Monday, July 24, 2017

Disgusting Queensland police show no regard for the law



<i>They hate it that they don't have a total monopoly on gun ownership</i>

FOR a Justice of the Peace, Gympie gun dealer Ron Owen has had a lot of run-ins with the police. This month he further increased his lead over all rivals for the self anointed title, "most charged innocent man in Queensland." Claiming to have faced more than 2850 charges, he says he has beaten them all.

The Gympie Times reports that on Thursday Ron Owen revealed that he had now received one more vindication, when police withdrew an assault charge involving a person Mr Owen claimed was lawfully removed from his McMahon Rd gun shop.

The defence was that he acted lawfully, but that police did not when an officer seized the shop’s CCTV footage.

Mr Owen says the would-be customer had become agitated at the time staff took to finalise a eight-month old lay-by, so much so that Mr Owen refunded payments, rather than take responsibility for arming him. Yesterday Mr Owen said police wrote to him this week, saying the charge had been withdrawn.

But Mr Owen insists it is not a case of him beating the law. It has always been, he says, a case of the law protecting the citizen against sometimes mistaken agents of the state.

Some of his trouble started years ago, when he published a recipe for black powder, something which he says could also be found in the Encyclopaedia Britannica.

Then came the gun de-activation case, in which he was charged with de-activating guns other than by approved methods.

He made history (and The Gympie Times front page) by re-activating an approved replica in less than 15 minutes, at the bar table of the Gympie Magistrates Court, armed only with a screwdriver and pliers. The witness forced to acknowledge his point was the head of police Ballistics.

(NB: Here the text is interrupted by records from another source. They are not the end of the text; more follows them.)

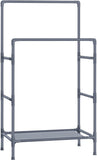 SONGMICS Metal Clothes Rack with 2 Rails Grey V227-8498101001080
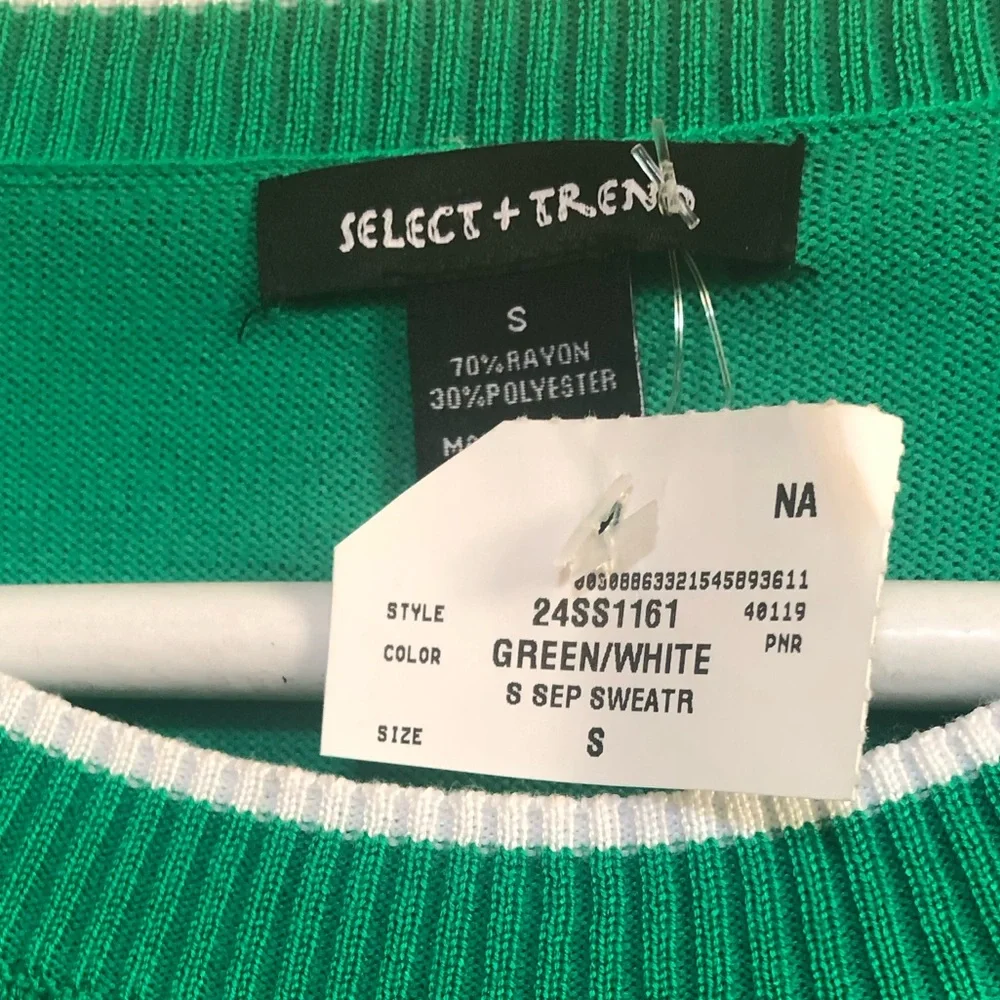 NWT Select + Trend Kelly green knit top - Picture 3 of 10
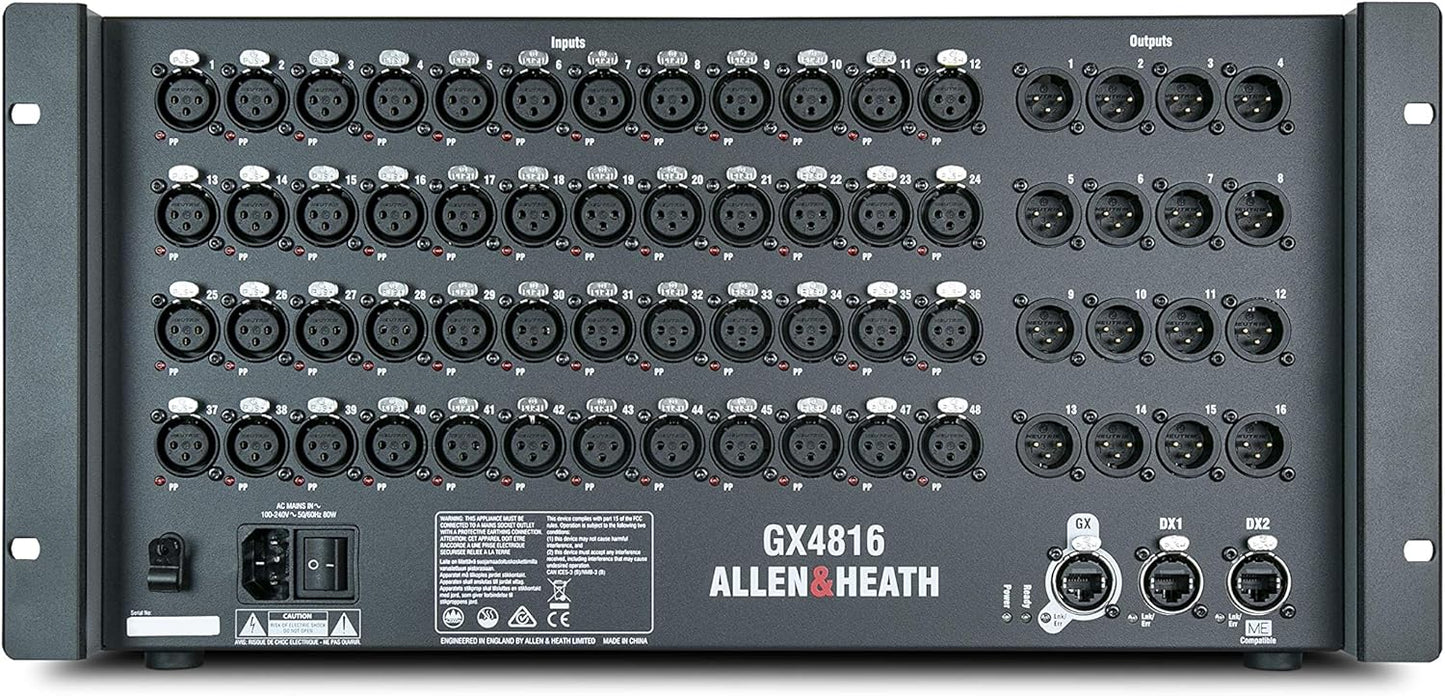 Back panel of an Allen & Heath audio mixer with multiple XLR and TRS connectors.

"I would have done it quicker if I’d remembered to put the firing pin back in the first time," Mr Owen said later. "And did you notice I didn’t use the pliers?"

Then came the gun buyback in which he proved, using data from police computers (purchased second hand at a police auction), that he was being paid less than anyone else for "millions of dollars worth of gun parts."

An attempt was once also made to cancel his gun dealer’s licence.

Once, after civil action in which police were ordered to pay costs, he says he had to take further action to force payment. At one point he and his family were offered witness protection by the then Criminal Justice Commission.

He refused, because it would have silenced him.

He wonders how many others, without such generous legal support, have suffered serious injustice.